• _Data provided_:
[Start of Attachment]

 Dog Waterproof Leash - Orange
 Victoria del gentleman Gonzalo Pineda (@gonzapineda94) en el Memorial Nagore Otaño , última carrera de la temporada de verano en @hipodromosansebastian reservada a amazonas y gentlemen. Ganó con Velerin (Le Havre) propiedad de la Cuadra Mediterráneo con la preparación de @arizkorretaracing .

[End of Attachment]
[Start of Attachment]

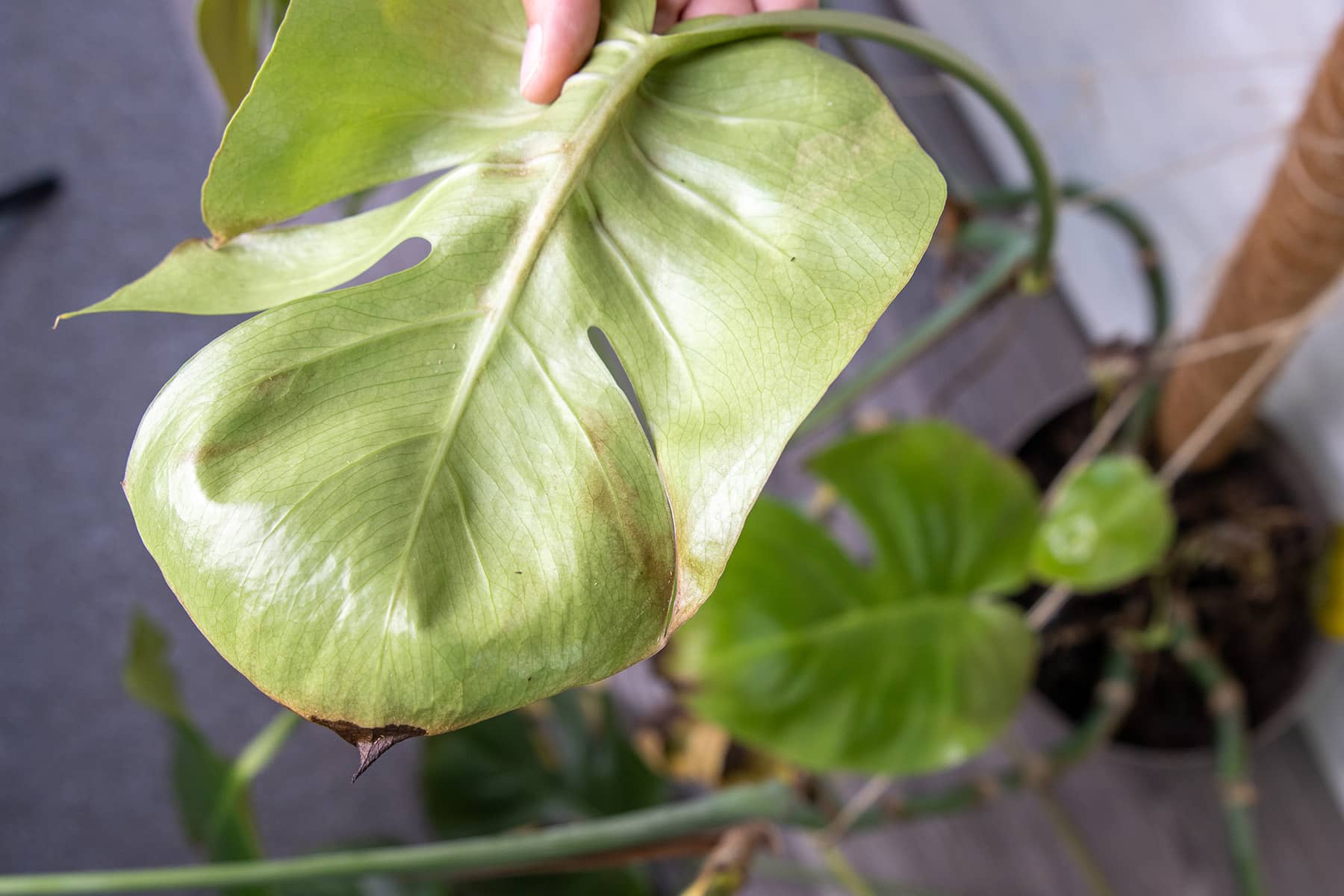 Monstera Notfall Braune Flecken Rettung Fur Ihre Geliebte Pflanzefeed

[End of Attachment]

• _What is being asked_: From the material above, copy exactly the lines between the line holding "Dog Waterproof Leash - Orange" and the line holding "Victoria del gentleman", inclusive, and only those.

• _Task output_:
 Dog Waterproof Leash - Orange
 Victoria del gentleman Gonzalo Pineda (@gonzapineda94) en el Memorial Nagore Otaño , última carrera de la temporada de verano en @hipodromosansebastian reservada a amazonas y gentlemen. Ganó con Velerin (Le Havre) propiedad de la Cuadra Mediterráneo con la preparación de @arizkorretaracing .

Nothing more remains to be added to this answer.